А вместе с тем каждый следит за работой соседа и сравнивает ее со своей. Люди сощуренными от соленого пота глазами исподтишка наблюдают: кто как косит, не узка ли у него полоса, кто высоко забирает или просыпает зерно, у кого остаются кое-где нескошенные стебли, а кто кладет неровный ряд; подмечают, у кого растрепанные снопы, неровный комель или развязывается перевясло. Окончив длиннющий прокос, косцы закуривают: одни — зажатые в зубах трубки, другие — приклеившиеся к губам цигарки. При этом кто зажимает косу под мышкой, кто кладет ее на плечо, но в то же время украдкой поглядывает: не плутует ли кто, не отстает ли? Один прикидывает, чья полоса шире — его или рядом стоящего, а тот, в свою очередь, посматривает, не шире ли у него полоса, чем у соседа. Кто честен и самолюбив, работает не за страх, а за совесть; кто хитер, старается не слишком утруждать себя. Работники добросовестные равняются на лучшей полосе, недобросовестные — по самой узкой, чтобы, упаси бог, не сделать лишнего взмаха.
Об этом, разумеется, пока нет разговора, даже думать не очень задумываются; все выходит как-то само собой — тому причиной и природа крестьянского труда, и сама человеческая натура.
Первая стычка назревала в бригаде Михая Шоша.

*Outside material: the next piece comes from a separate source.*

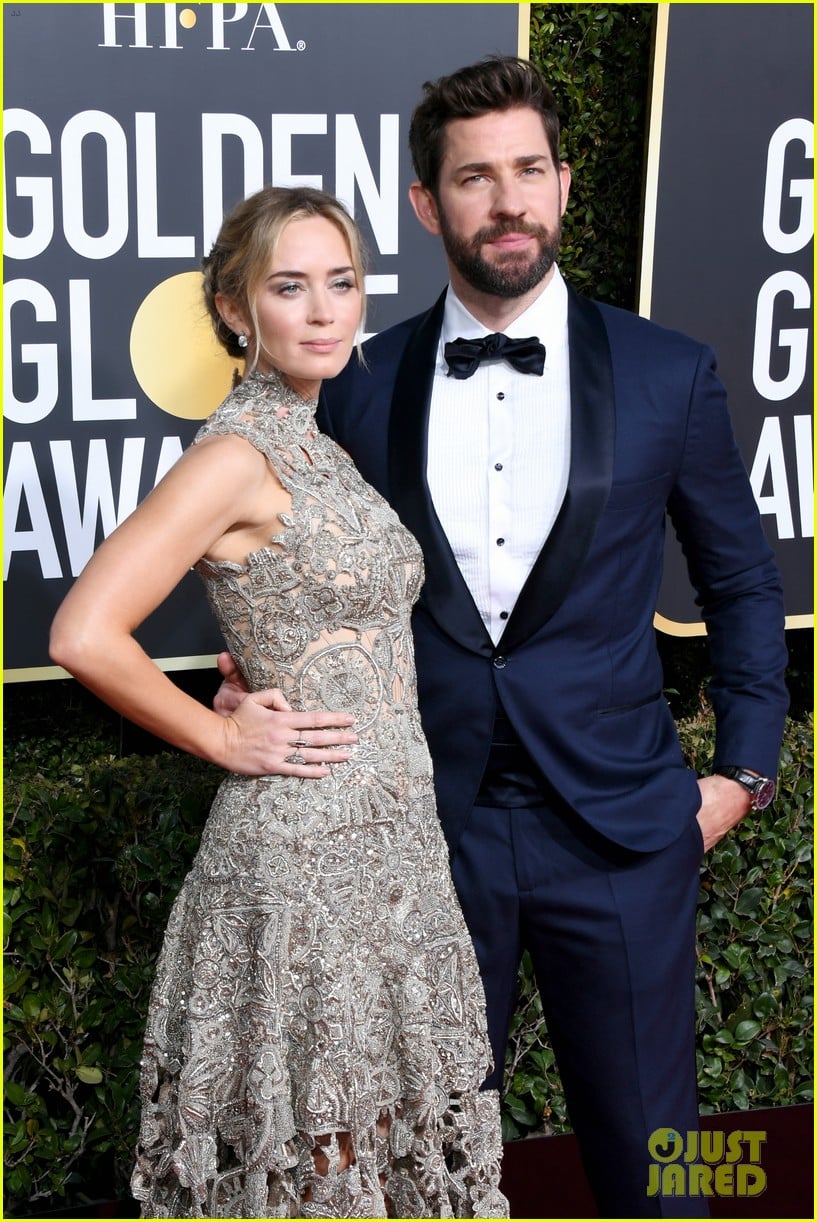 Emily Blunt & John Krasinski Are Picture Perfect at Golden Globes 2019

Племянник председателя Бени Майор, молодой парень, сильный, как буйвол, один из лучших косарей в бригаде, стремясь показать себя, захватывал своими ручищами и огромной, больше метра, косой самую широкую полосу. Не все были так сильны, как он, кое-кто не выдерживал быстрого темпа. Один не поспевал потому, что здоровье не позволяло, другой был истощен нуждой, третьему возраст мешал угнаться за молодежью, хотя, работай он сам по себе, мог бы еще долго продержаться; а Мишка Сабо, еще подросток, вышел в поле впервые вместо больного отца. Мишка в этом деле еще новичок, он не умеет как следует ни отбить, ни наточить косу, ни косить. Отовсюду, с разных улиц, с разных дворов, собрались сюда люди, и только здесь, когда они трудятся рядом, становится ясно, чего стоит каждый.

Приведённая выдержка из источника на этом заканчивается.